Bonjour Tristesse by Françoise Sagan
As with The Lost Honour of Katherina Blum, Bonjour Tristesse and Francoise Sagan were unknown to me before I began my reading challenge. Similarly to Heinrich Boll’s novel, discovering another non-English novel has been a delight and feels well overdue.
Since writing out my list of books I’d like to read, the title of this novel has stuck in my mind, despite never seeing it before. The superficial link in my limited memory is to La Tristesse Durera, a track by the Manic Street Preachers that takes its own title from the reported last words of Vincent van Gogh, “the sadness will last forever.”
With the title lodged rather firmly in my head, I happened upon an old copy of the novel at Tynemouth Book Fair (well worth a visit) and bought it for a few pounds, knowing nothing about it. The cover features a young girl that’s more than reminiscent of the 1928 film The Passion of Joan of Arc. On further reading, the edition I found is from 1974 and was translated by Irene Ash.

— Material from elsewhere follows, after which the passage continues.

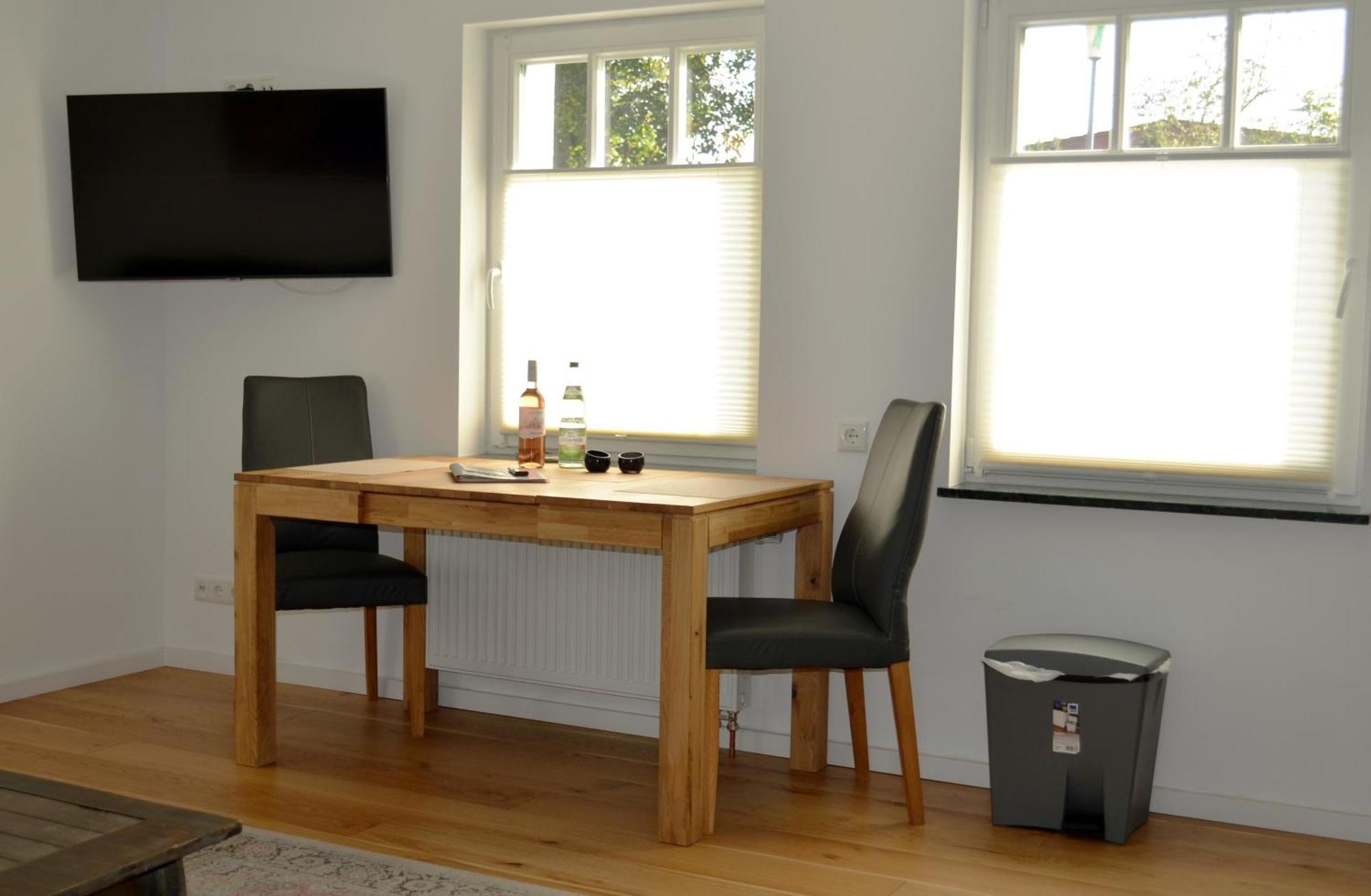 Seehaus-Studio Klein Upahl Extérieur photo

Written when Sagan was just a teenager, Bonjour Tristesse would remain popular throughout and beyond Sagan’s life, with all future works inevitably compared to her first novel. The book was filmed in 1958 and released to a middling response at the time, but has since grown in stature.
The plot of Bonjour Tristesse is little more than a short story. It follows the thoughts and manipulations of a girl, Cecile, spending the summer with her father and two women competing for his affections. Fearing the end of her easy life when one woman stakes her claim on her father, Cecile plans to end the relationship.
The great success of the novel is not the slight plot, but the atmosphere Sagan builds within the mind of Cecile. Her desperation to cling on to what was already a quite soulless lifestyle and the lengths she will go to make for a strange mix of understanding and pity. It’s easy to connect with Cecile, even when her actions go beyond our own experience, simply because they are such human actions.
Reading the novel, a nagging familiarity played in my mind and it was only in researching this review that I understood what it was. As Richard William’s writes in The Guardian, Sagan’s “acceptance of melancholy [is] more reminiscent of F Scott Fitzgerald than of her French literary heroes.” It is, as is The Great Gatsby, a short and sad tale.
Easily readable in a single sitting, Bonjour Tristesse is an enjoyable piece of mood literature. Its depiction of the depressing lengths some will go to to protect even a sad life is perfectly written and captures brilliantly the energy and misery of youth.
Bonjour Tristesse is one of Le Monde’s 100 Books of the Century.
About the Author
Francoise Sagan was born in France in 1935 and published her first and most famous novel Bonjour Tristesse at age 18. Sagan died in 2004, aged 69, after writing 20 novels and several plays.